Karawang, MI - Kasus kekerasan melibatkan dua remaja di Kabupaten Karawang. Seorang pelajar berusia 15 tahun berinisial AF ditemukan tewas dengan kondisi mengenaskan di bantaran Sungai Citarum, Kecamatan Batujaya.
Yang mengejutkan, pelaku dalam kasus ini adalah FA (17), teman sekolah sekaligus kakak kelas korban yang baru saja lulus dari salah satu SMK di wilayah tersebut.
Peristiwa itu bermula pada Minggu (10/5/2026). Dengan alasan mengajak korban membeli jaket hoodie, FA menjemput AF menggunakan sepeda motor milik korban. Keduanya sempat berkeliling ke beberapa toko, namun semuanya tutup.
Setelah itu, pelaku mulai menggiring korban ke lokasi sepi di Kampung Kaum, Desa Baktijaya. Di lokasi tersebut, sekitar pukul 14.30 WIB, aksi kekerasan terjadi. Berdasarkan hasil olah TKP, pelaku ternyata sudah menyiapkan pisau dapur dari rumah.

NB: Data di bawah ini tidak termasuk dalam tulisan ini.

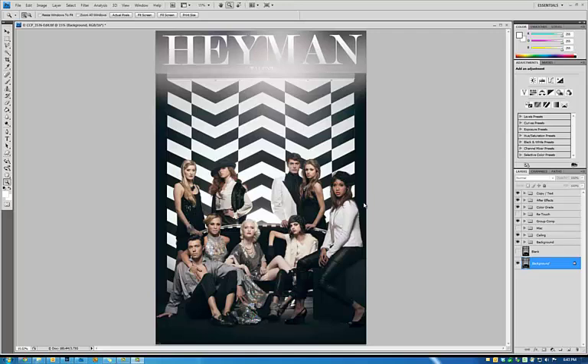Upon getting into the location that we were set to shoot at, I quickly realized that I couldn't get any boom stands in. I couldn't do any key lighting just because I didn't have the actual physical space to do it in. So that's when I decided to do something I'd actually never done before, and that was composite.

"Pelaku memiting leher korban dari belakang sebelum akhirnya menyayat leher dan menusuk dada serta pinggang korban berkali-kali hingga tewas di tempat," kata Kapolres Karawang, AKBP Fiki N. Ardiansyah, dalam konferensi pers (14/5/2026).
Hasil penyelidikan intensif Satgas PPA bersama Tim Resmob Polres Karawang mengungkap motif di balik kasus ini. FA nekat menghabisi nyawa adik kelasnya demi menguasai sepeda motor milik korban. Ia berdalih motornya sendiri sedang rusak dan tidak memiliki biaya untuk memperbaikinya.

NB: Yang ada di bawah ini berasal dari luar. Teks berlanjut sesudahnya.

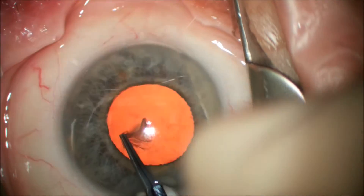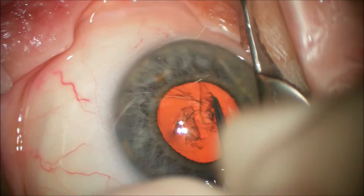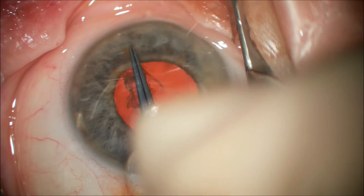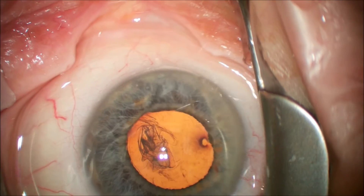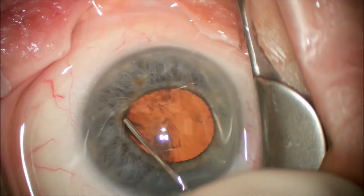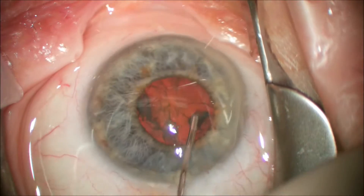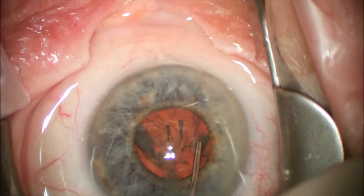We proceed by performing a capsulorhexis approximately 5 to 6 millimeters, and you can see that we go underneath the iris edge with the capsulotomy in a controlled fashion to get a capsulorhexis that is larger than the iris diameter. We then proceed with hydrodissection using BSS on a 27 gauge needle and we make sure that we can rotate the nucleus in the capsular bag.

Setelah memastikan korban meninggal dunia, pelaku kemudian membawa kabur sepeda motor dan ponsel korban. Barang hasil kejahatan itu lalu dijual melalui perantara seharga Rp4,2 juta.
Polisi juga masih memburu seorang pria berinisial ES yang telah ditetapkan sebagai Daftar Pencarian Orang (DPO) karena diduga terlibat sebagai penadah.
FA akhirnya berhasil diamankan pada Rabu pagi (13/5/2026) di rumahnya tanpa perlawanan. Dalam penangkapan tersebut, polisi turut menyita sejumlah barang bukti, di antaranya satu unit ponsel Infinix Smart 5 milik korban, pakaian yang dikenakan pelaku saat kejadian, serta sepatu, sabuk, dan dompet milik pelaku.
Atas perbuatannya yang telah direncanakan tersebut, FA dijerat dengan Pasal 340 KUHP tentang pembunuhan berencana. Meski masih di bawah umur, ia terancam hukuman berat berupa pidana mati, penjara seumur hidup, atau minimal 20 tahun penjara.